Trois raretés jalonnent ce disque. De La rondine (1917), opéra plutôt mal fagoté, avouons-le, nous entendons Parigi! È la città dei desireri noblement infléchi, qui laisse judicieusement deviner les espoirs de Ruggero. Pappano ménage un velours instrumental des plus plaisants. Retour vers le passé, avec Edgar (1889), drame qui puisait chez Musset. L’introduction de l’air Orgia, chimera dall’occhio vitreo fait l’objet du plus grand soin, et le ténor, palpitant d’émotion, captive tout-à-fait : vigueur et fermeté, puis une souplesse caressante font les délices de ce passage. Remontons encore le temps, lorsque l’Italien écrivait son premier opéra, à vingt-cinq ans : Le villi (1883) puise son romantisme dans la veine fantastique. En flirtant à juste titre avec une verve déjà pré-vériste, le chanteur convainc aisément dans unTorna ai felici di, romance tragique qui constitue le sommet de ce récital.
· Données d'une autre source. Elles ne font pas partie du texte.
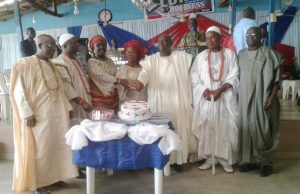 When Sanctuary Of Christ Evangelical Church, Ibadan Marked 18th Anniversary From the left: Baale of Ekotedo, Chief Taye Ayorinde, the Onjero of Ijero, Oba Sunday Oladapo, his wife, Dr (Mrs) Ronke Ojo, her husband, Dr Gbade Ojo, the presiding Pastor for the church…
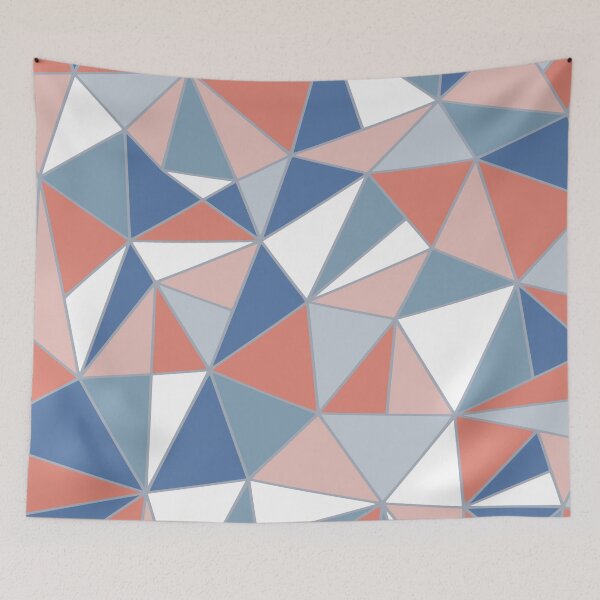 Item preview, Abstract Geometric Pattern, Coral, Blue, Blush Pink designed and sold by meggydesigns.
Passons aux œuvres plus souvent jouées, avec deux extraits du Trittico, créé fin 1918 à New York. L’air déchirant de Luigi du Tabarro fonctionne parfaitement, quand le Rinuccio du truculent Gianni Schicchi fait merveille : chanté comme ça, l’hymne à Florence laisse pantois ! Huit ans plus tôt, le Metropolitan Opera donnait le jour à La fanciulla del West qui, depuis quelques années, retrouvent les honneurs de la scène [lire nos chroniques du 4 février 2014 et du 26 février 2013, ainsi que nos critiques DVD des productions de Christof Loy, Giancarlo del Monaco, Ivan Stefanutti et Nikolaus Lehnhoff]. Or son sei mesi, récit du destin prédestiné de Ramerrez, jouit d’une interprétation poignante, extrêmement nuancée. L’ultime requête du condamné, Ch’ella mi creda libero, gagne le niveau de Torna ai felici di (Le villi). Si mes articles sur les albums monographiques précédents émettaient diverses réserves, je m’avoue cette fois pleinement conquise [lire notre critique des CD Verdi et Wagner].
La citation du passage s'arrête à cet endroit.